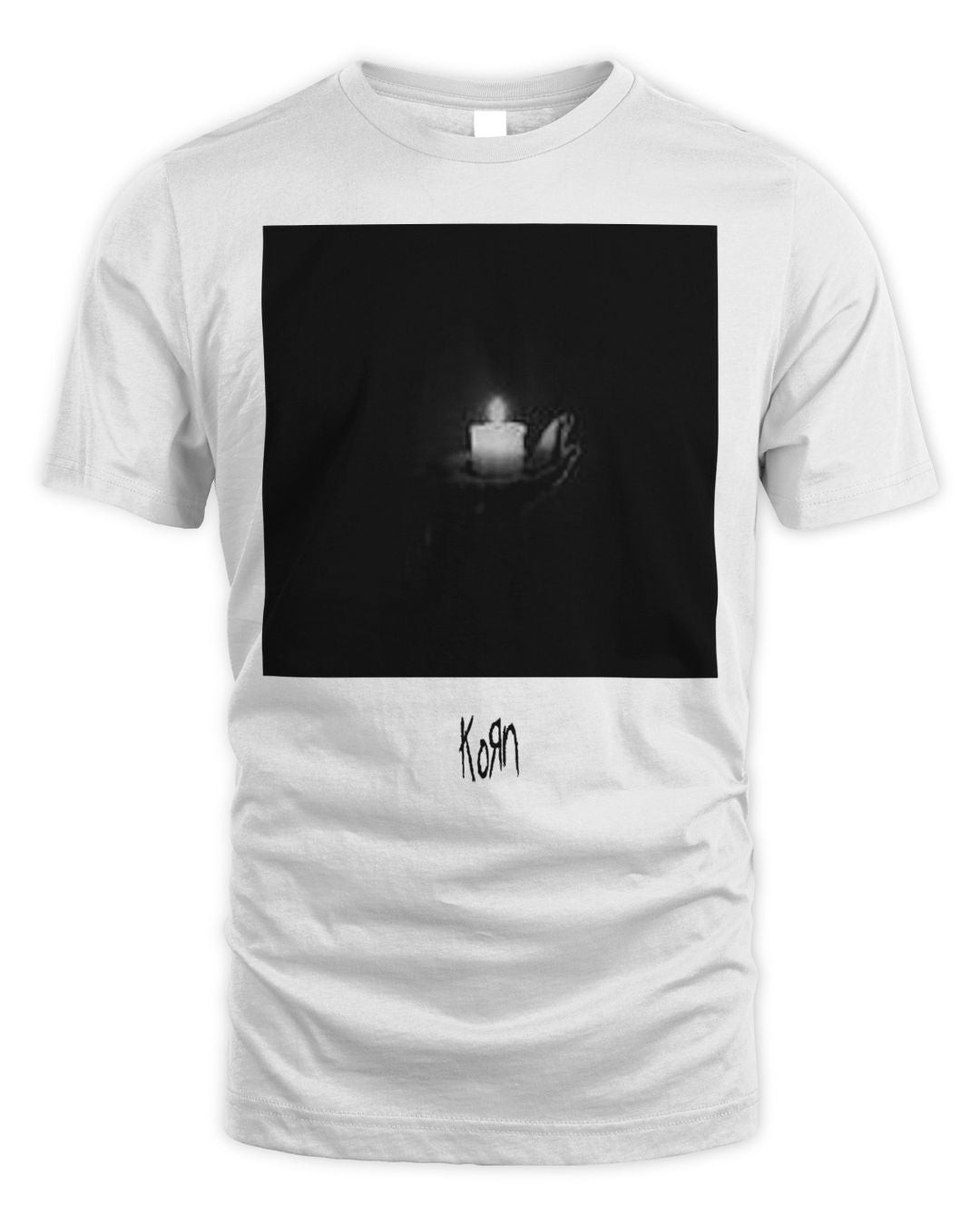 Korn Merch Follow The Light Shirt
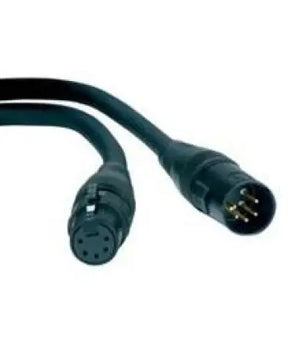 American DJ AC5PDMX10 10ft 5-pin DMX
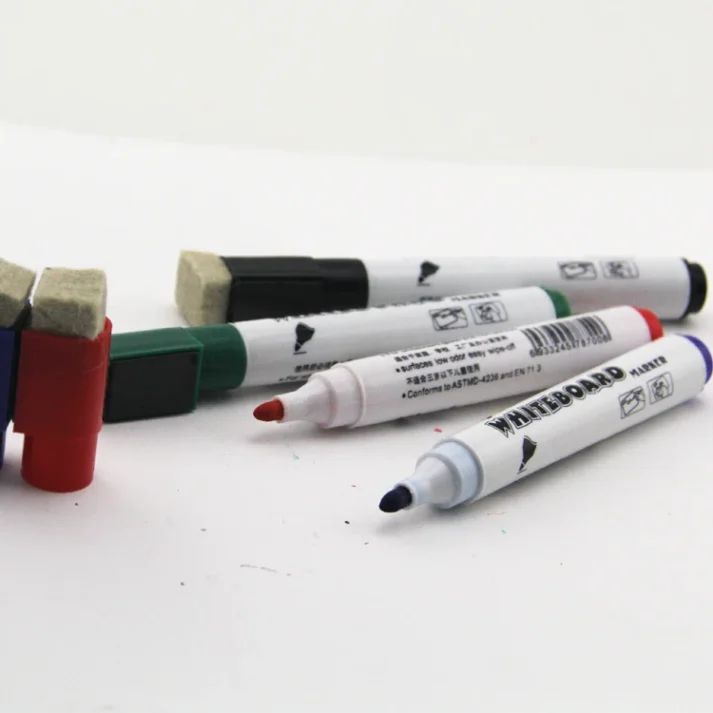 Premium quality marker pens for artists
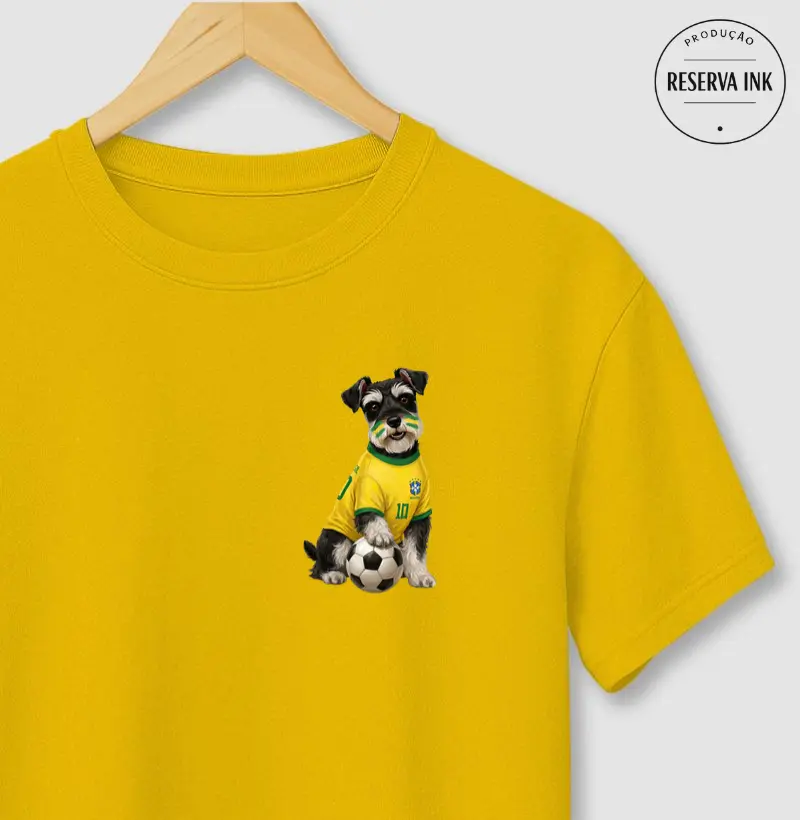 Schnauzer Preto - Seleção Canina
--
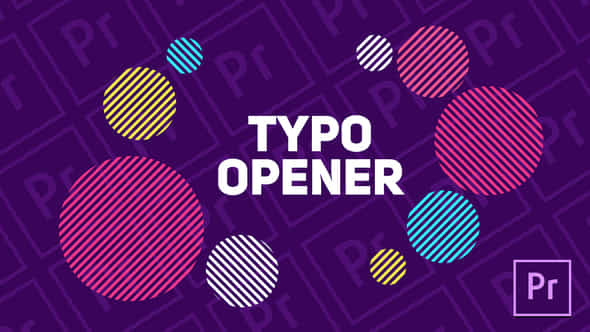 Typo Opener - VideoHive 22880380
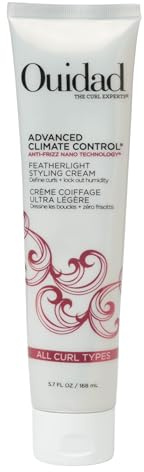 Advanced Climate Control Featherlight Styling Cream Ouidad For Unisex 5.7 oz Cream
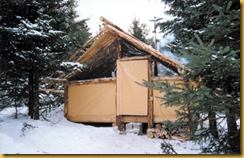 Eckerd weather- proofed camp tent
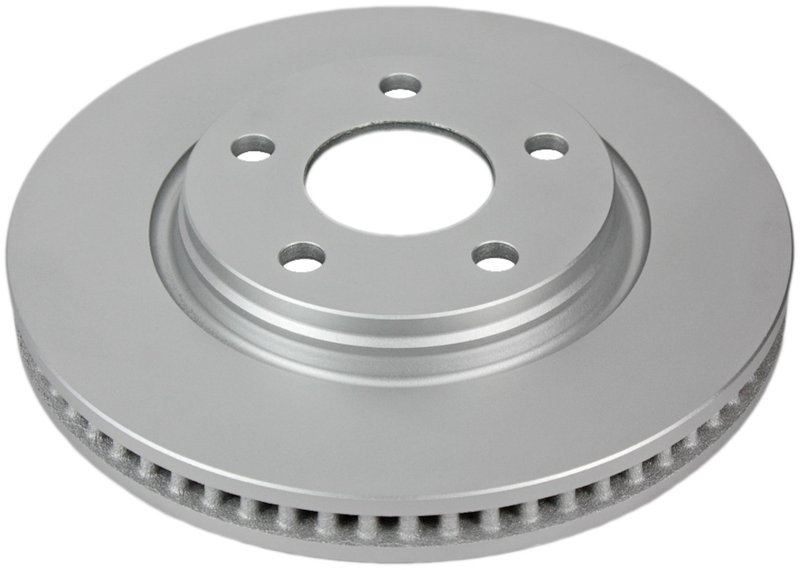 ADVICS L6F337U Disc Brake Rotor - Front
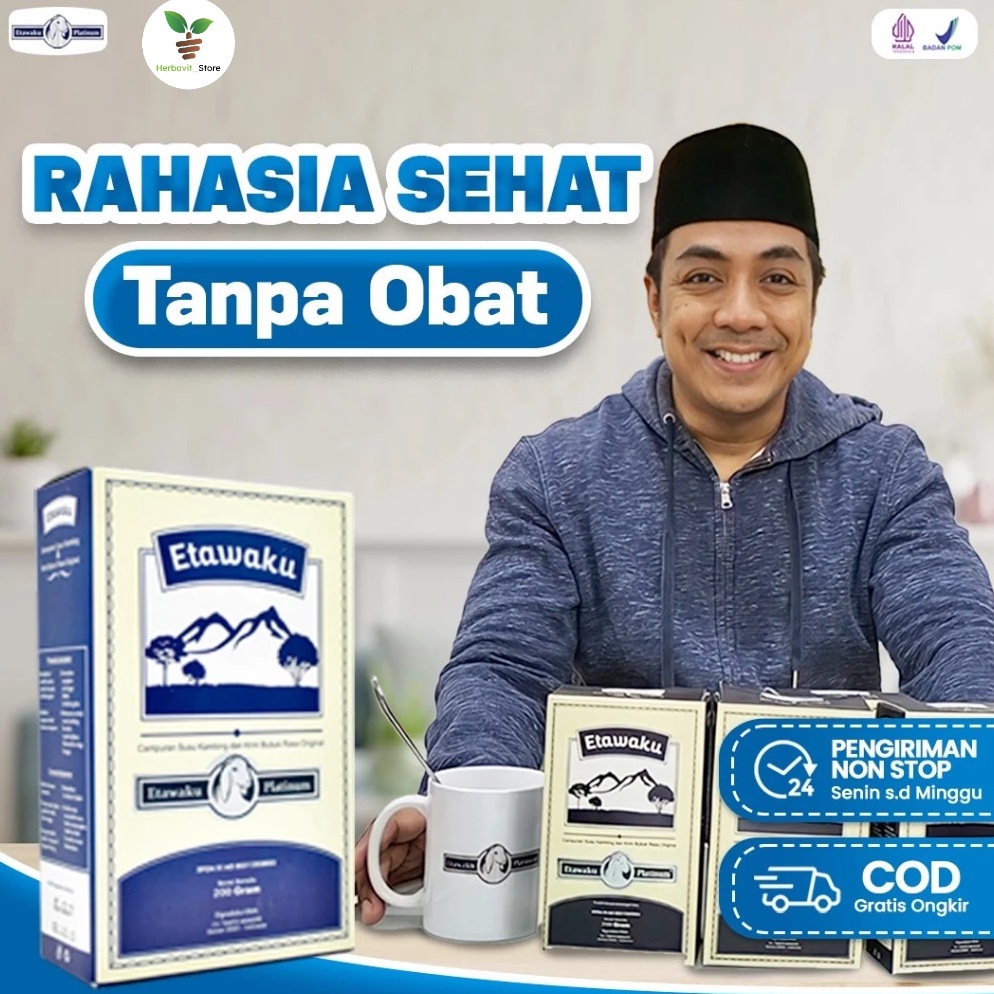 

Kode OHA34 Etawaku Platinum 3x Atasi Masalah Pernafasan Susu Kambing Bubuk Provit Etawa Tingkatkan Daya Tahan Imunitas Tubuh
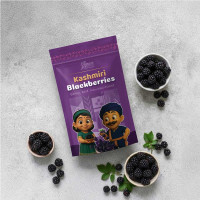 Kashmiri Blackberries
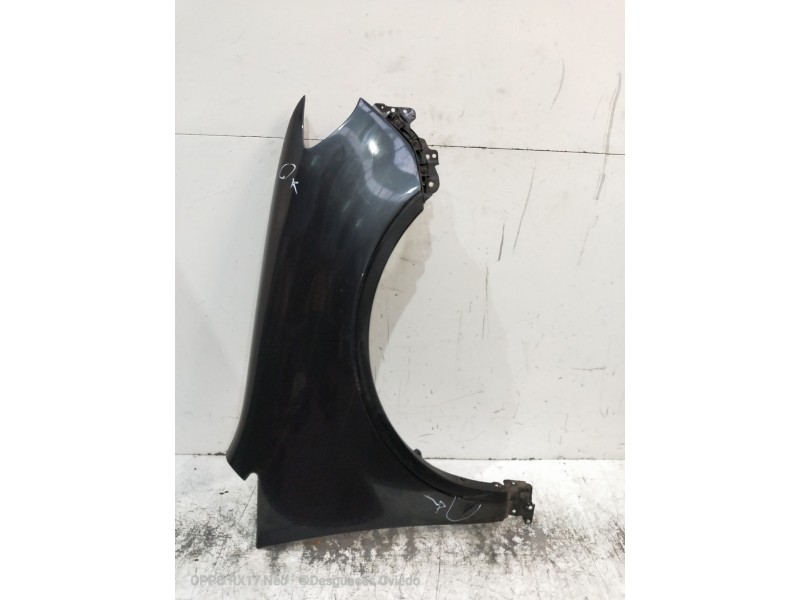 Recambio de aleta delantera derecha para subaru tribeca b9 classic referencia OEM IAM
* * *
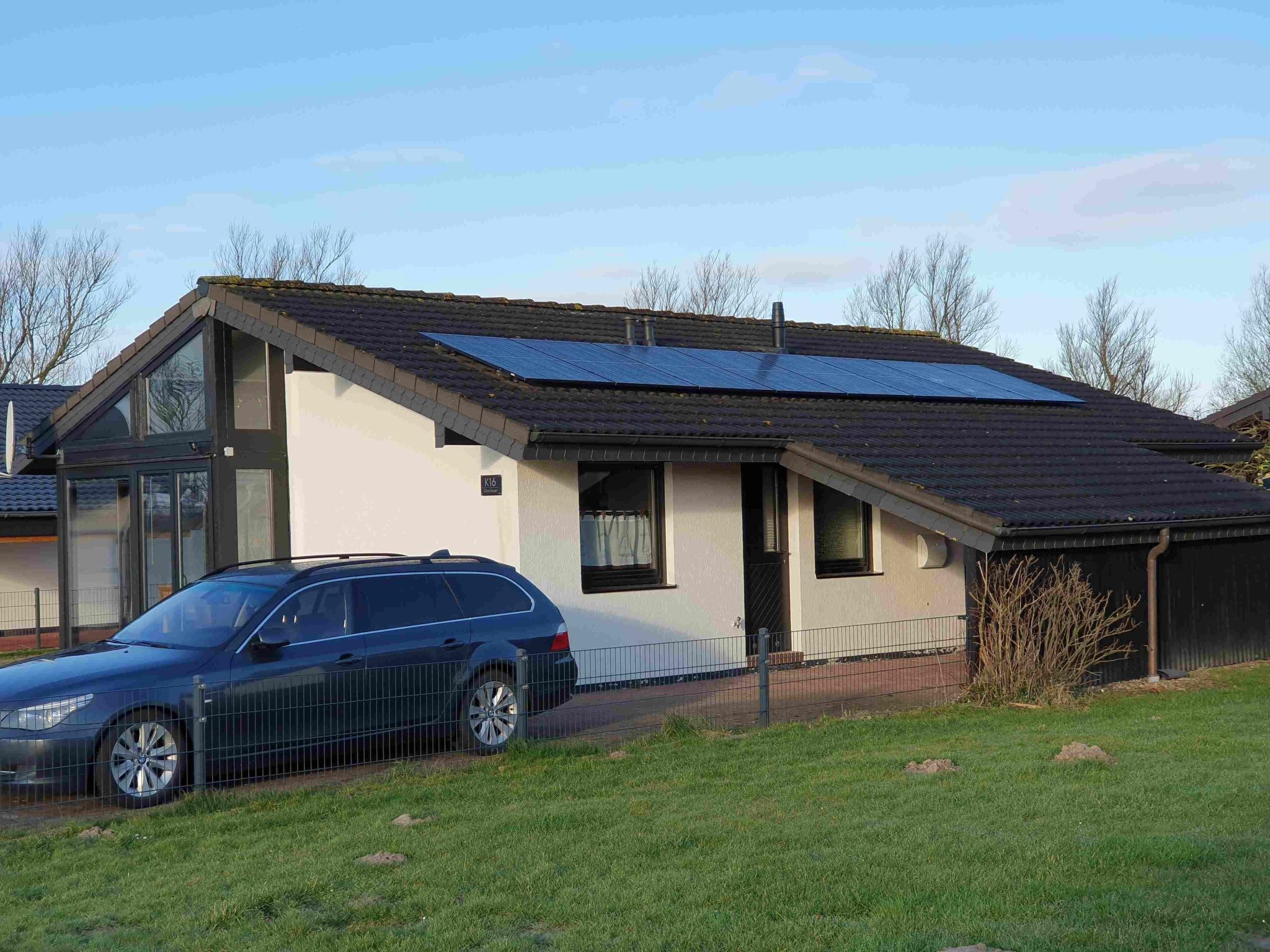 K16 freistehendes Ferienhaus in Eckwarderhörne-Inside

## Activity:
The answer must be the part of the records that opens with the line containing "Typo Opener - VideoHive 22880380" and closes with the line containing "ADVICS L6F337U Disc Brake Rotor - Front", reproduced exactly, with no pictures.

## Result of the task:
 Typo Opener - VideoHive 22880380
 Advanced Climate Control Featherlight Styling Cream Ouidad For Unisex 5.7 oz Cream
 Eckerd weather- proofed camp tent
 ADVICS L6F337U Disc Brake Rotor - Front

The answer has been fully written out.